Dalam praktiknya, independensi
suatu lembaga biasa dipengaruhi oleh; 1). Bagaimana mandat yang kuat diberikan
kepada lembaga tersebut; 2). Bagaimana UU bersangkutan memungkinkan pembentukan
lembaga yang kuat dalam menjalankan mandat yang diberikan; 3). Bagaimana
lembaga tersebut diisi oleh orang-orang yang memiliki kapasitas dan integritas
yang baik. Bicara mengenai kewenangan, UU KIP sudah memberikan mandat yang kuat
kepada Komisi Informasi. Mandat kewenangan yang diberikan berupa kebijakan
(policy), pengaturan (regulatory), penyelesaian sengketa dan secara implisit
aspek pengawasan penataan. Namun secara kelembagaan, UU KIP belum menjamin
dukungan administratif, keuangan dan tata kelola yang memadai. Kondisi ini
mengisyaratkan Komisi Informasi sebagai lembaga yang “semi independen”, karena
sekretariat komisi berasal dari pemerintah yang membidangi komunikasi dan
informatika baik ditingkat pusat maupun ditingkat daerah, sedangkan untuk
penganggaran komisi informasi melekat kepada anggaran yang diposkan oleh
lembaga/badan yang membidangi komunikasi dan informatika.

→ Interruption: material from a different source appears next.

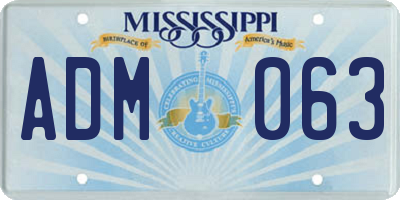 MS license plate ADM063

Secara tidak langsung, pembentukan
Komisi Informasi Publik ini mengisyaratkan keengganan dari pemerintah untuk
diawasi dalam pelaksanaan keterbukaan informasi, sehingga menetapkan Komisi
Informasi Publik sebagai lembaga seolah-olah independent, namun tetap di bawah
kontrol ketat pemerintah.
Sudah seharusnya komisi Informasi
publik benar-benar dijadikan sebagai lembaga yang independen, seperti halnya
beberapa komisi negara yang ada di Indonesia seperti Komnas HAM, KPU ataupun
Ombudsman, sehingga menjadi lembaga yang benar-benar mandiri, tanpa intervensi
pemerintah ataupun pemerintah daerah sebagai penyandang dana.[1]